1) It relies too much on tribal knowledge. How's an application supposed
to know that "<newSchemeOrganization>.org" is intended to convey
scheme-type information, while "<otherOrganization>.org" does not convey
scheme-type information? I think this could be resolved by introducing a
new DNS top level domain (maybe something like ".scheme" or ".spec")
specifically for the purpose of unambiguously indicating that the URI
has particular characteristics and meaning (e.g.,
http://<newSchemeOrganization>.spec/<stuff>).

2) What should be returned by "http://<newSchemeOrganization>.spec"?
Hopefully it would be a specification describing the special
characteristics of the URIs under this authority.

3) What if several companies collaborate on a new specification, but
there's no organization representing the collaboration of companies,
then what should go into the authority section?

4) TAG members frequently justify the use of a single scheme by claiming
it's expensive to introduce new schemes, and difficult for applications
to be taught how to process new schemes.
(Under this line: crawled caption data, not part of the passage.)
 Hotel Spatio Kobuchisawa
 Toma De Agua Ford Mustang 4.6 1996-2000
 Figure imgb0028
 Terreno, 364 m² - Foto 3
I claim it would be just as
expensive and difficult to teach applications how to recognize the
various URI characteristics and semantics with a
"<newSchemeOrganization>.spec" approach, and more expensive with a
nebulous "<newSchemeOrganization>.org" approach, and even more expensive
with no approach at all.


Marty.Schleiff@boeing.com; CISSP
Associate Technical Fellow - Cyber Identity Specialist
Computing Security Infrastructure
(206) 679-5933

-----Original Message-----
From: noah_mendelsohn@us.ibm.com [mailto:noah_mendelsohn@us.ibm.com] 
Sent: Monday, September 18, 2006 7:34 AM
To: Stuart Williams
Cc: www-tag@w3.org
Subject: Proposed disposition of Stuart Williams' comments on Metadata
in URI 31

At its June 2006 F2F meeting in Amherst, MA, the TAG voted "to accept
http://www.w3.org/2001/tag/doc/metaDataInURI-31-20060609 contingent on
Noah finishing his TODO list to the satisfaction of Ed." [1]  Before I
could wrap up the finding, I received two sets of additional comments,
and I informed the TAG that I would delay publication until I had
reviewed and suggested dispositions for that new input.  In August, I
summarized my proposed responses to the comments received from Bjoern
Hoehrmann [2]. The purpose of the this note is to describe the proposed
dispositions for the comments received from Stuart Williams [3,4].
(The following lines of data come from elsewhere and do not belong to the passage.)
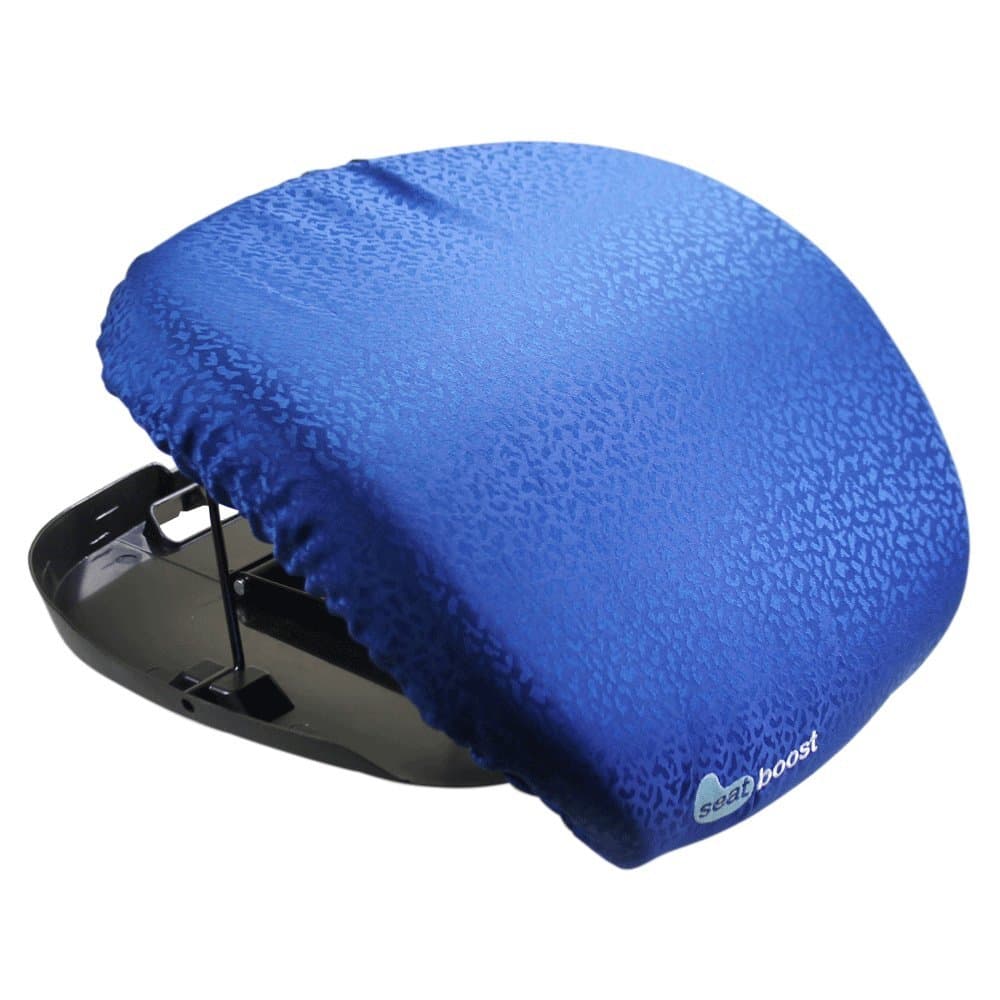 Wellys Seat Riser Cushion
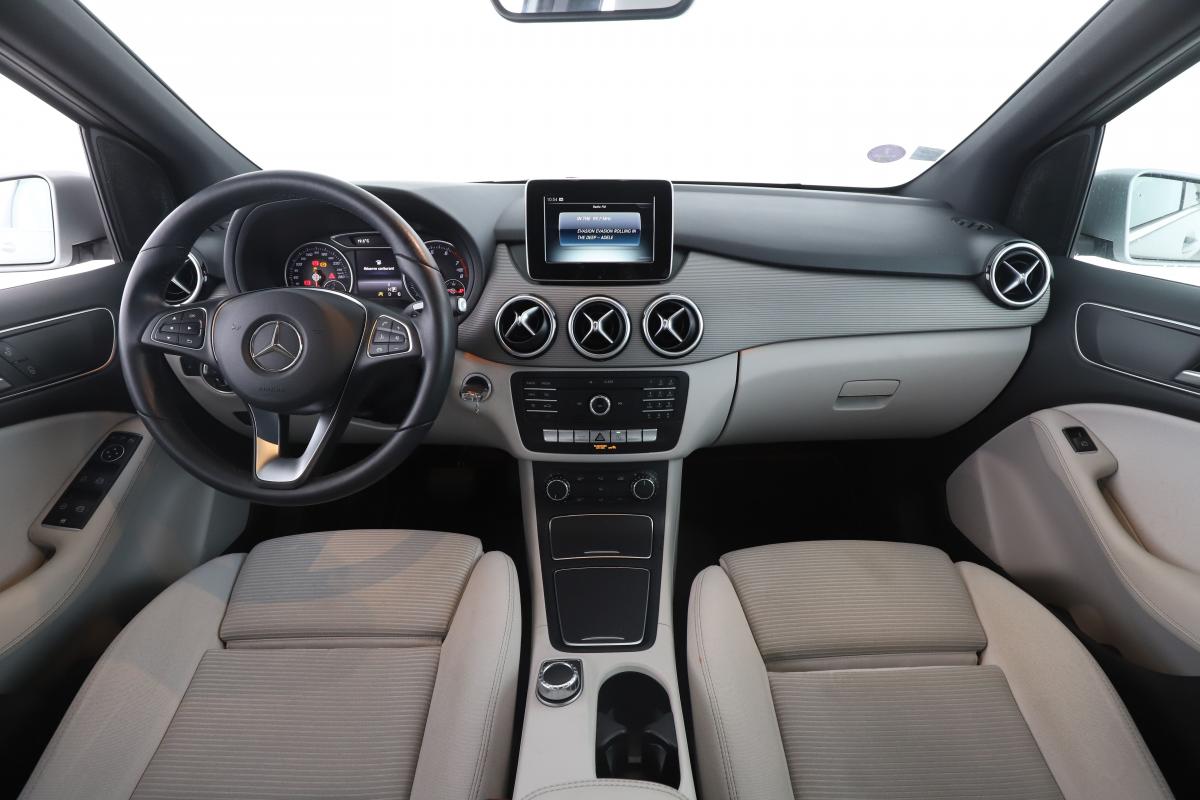 Annonce 482799383/RP42214 photo7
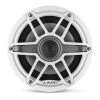 JL AUDIO M6-650X-S-GwGw 6.5" Marine Coaxial Speakers, White Sport Grilles 2 JL AUDIO M6-650X-S-GwGw 6.5" Marine Coaxial Speakers, White Sport Grilles -Marine Electronics sale 19432806 1500.15012019113008
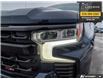 2023 Chevrolet Silverado 1500 LT Trail Boss (Stk: T6117A) in Kincardine - Image 7 of 23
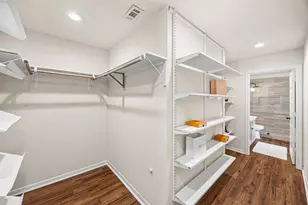 4513 Libbey Ln, Houston, TX 77092 - Photo 27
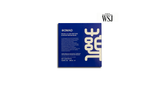 Bio Cellulose Restore & Repair Serum Mask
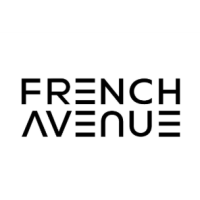 FRENCH AVENUE 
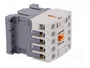 LS ELECTRIC Contactor METAMEC GMC-12M 24VAC 12A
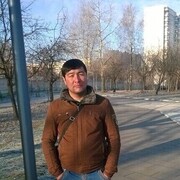  ,   Bakhrom, 39 ,   ,   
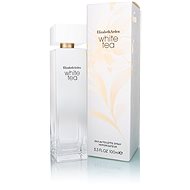 ELIZABETH ARDEN White Tea EdT 100 ml - Eau de Toilette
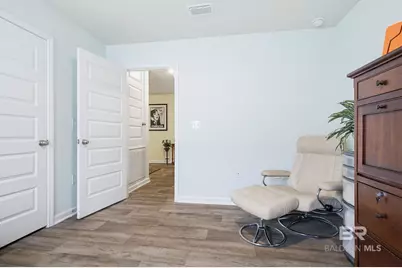 261 Fulham Lane, Foley, AL 36535 - Photo 20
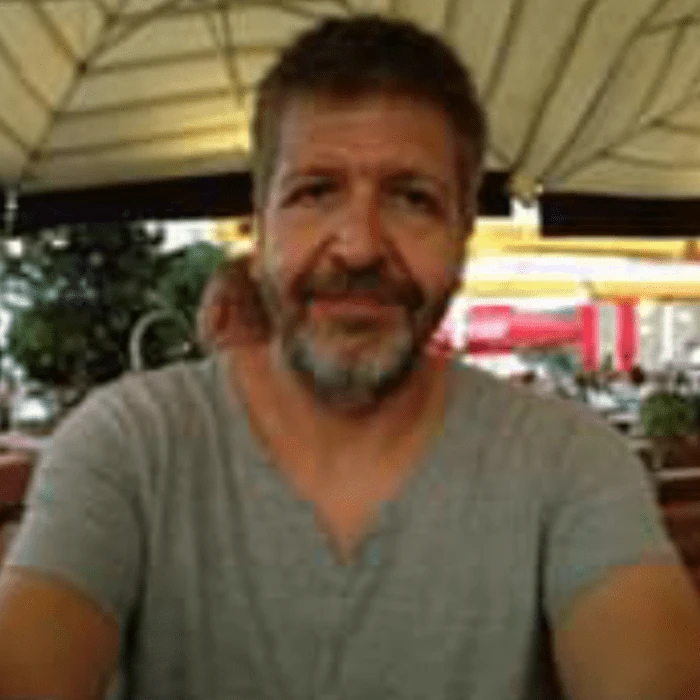 Dr.DustinFahey.OHara53 Profile image 1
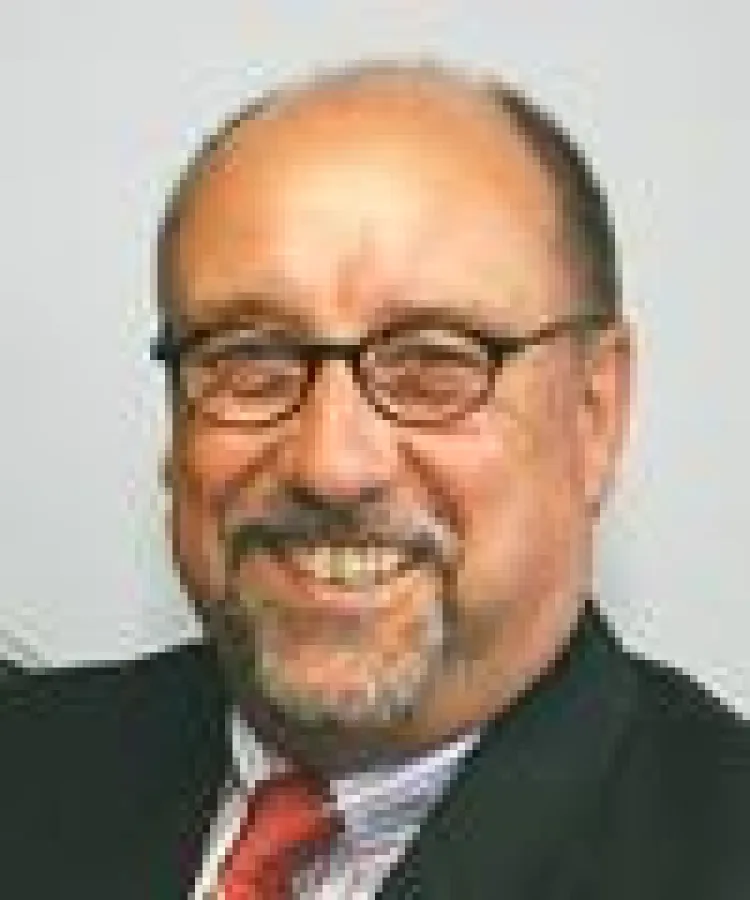 Spediteur Manfred Kock (Schüttorf): Starre Fahrverbotszeiten belasten Branche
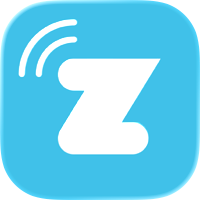 Zwift Companion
As in my responses to Bjoern, I'm trying to strike a balance.  On the
one hand, I want to be responsive where there are important concerns.
On the other, we always have to pick a point here the TAG will say
"publish", and further comments can be considered as input to possible
revisions.  So, I've tried to respond to Stuart's comments with some
detail and care, but given their late arrival I am setting the bar a
little higher than I might normally in being open to significant redraft
of the findings.  I hope the following strikes a reasonable balance.
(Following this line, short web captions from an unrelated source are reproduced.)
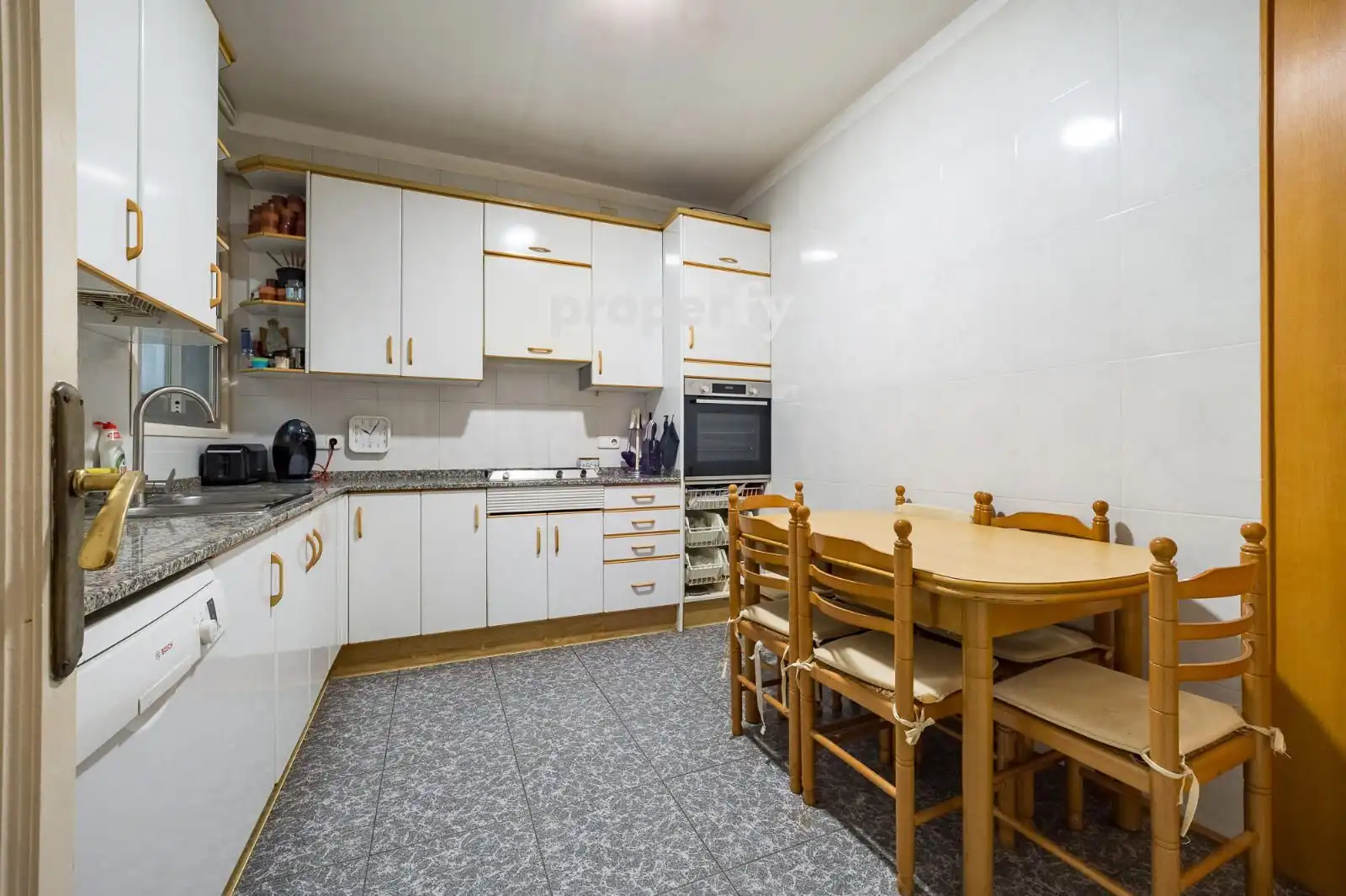 Appartamento con ascensore in vendita a Calabria, imagen 17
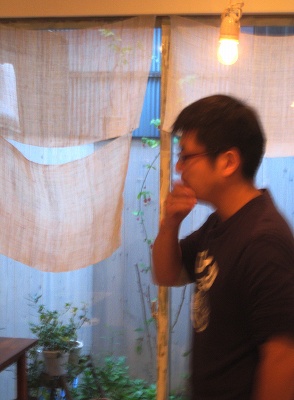 f0211463_117139.jpg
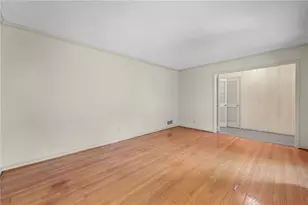 2939 Lone Star Trail, Atlanta, GA 30340 - Photo 5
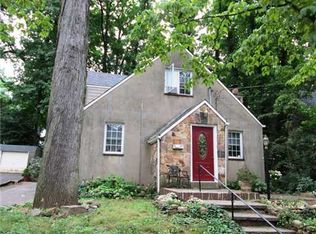 80 7th St, Edison, NJ 08837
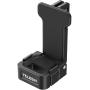 Telesin Magnetic Expansion Base For DJI Osmo Pocket 4/3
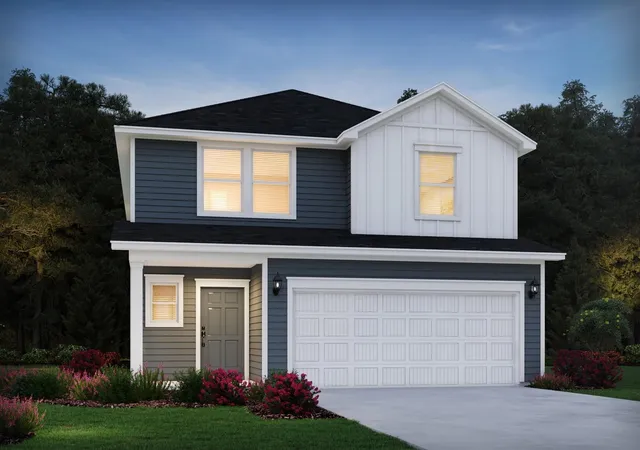 1st image of 439 Upland Water Ct, Spartanburg, SC 29301 | MLS# SPN338698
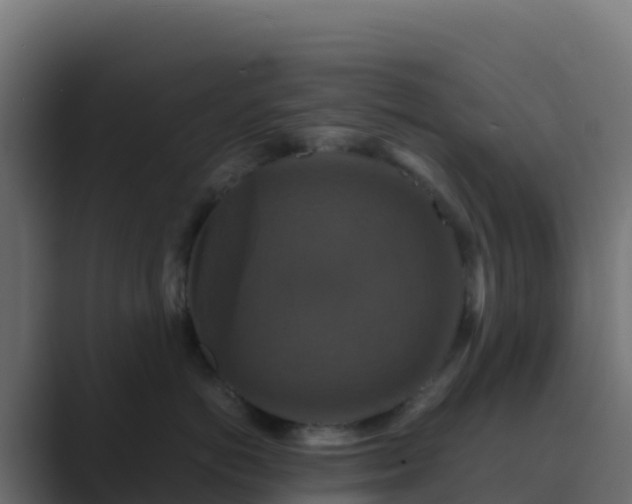 X0000089730766200706281549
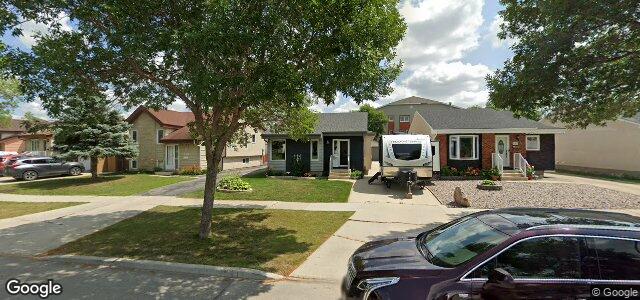 201 Rose Hill Way ਦੀ ਫੋਟੋ, ਵਿਨੀਪਿਗ, ਮੈਨੀਟੋਬਾ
The following quotes are from Stuart's comments (the notes in [4])
followed by my comments.  In a moment I will send another note
announcing the posting of a new draft of the finding.  Any changes
proposed below are in that draft (which in fact is already on the Web at
the usual URIs.) 

Stuart's comment:

> The concept of authority wrt to URI is one which some have pushed back

> against. They have argued that the URI scheme itself is what states 
> what a given URI identifies. Generally this is presented as an 
> operationalised notion of what it means to 'identify' a resource. This

> view would likely also argue that RFC2616 'creates' all possible HTTP 
> URIs.

The term is used at least occasionally in the WWW Architecture document,
and in some sense it's locally defined in the metaDataInURI-31 draft:

"The authority that creates a URI is responsible for assuring that it is
associated with the intended resource, "

I don't recall any other TAG members raising this in earlier reviews.
If other members of the TAG think it's worth the effort to come up with
a different approach, I'd be willing, but my vote is to leave this as
is.  I do see your point, but I'm just not convinced there's a problem.

-------

Commenting on:

> "Many URI schemes offer a flexible structure that can also be used to 
> carry additional information, called metadata, about the resource."

Stuart's comment:

> Do you have an example of such a scheme.
> I can't think of any!!!

Sure, the http scheme for example.  I can encode into URIs in that
scheme creation dates, directory hierarchies, file types, and all sorts
of things.  It doesn't provide a standard representation for any one of
those, but that's not the point:  it's a schema that "can be used" to
carry such information.  Indeed, the subject of the finding is when it
should be used in that way, and when consumers of URIs should depend on
it having been used that way.

-------

Commenting on:

> "The first question is focused on people and software acting in the 
> role of or on behalf of a URI assignment authority (authorities) for 
> URI assignments within the scope of that authority. The other 
> questions are focused on people and software making use of URIs 
> assigned outside of their own authority (observers).

Stuart's comment:

> Whilst I'm conscious that this is either text that I wrote or similar,

> it is again couched in terms of authority,  which I know some rejects.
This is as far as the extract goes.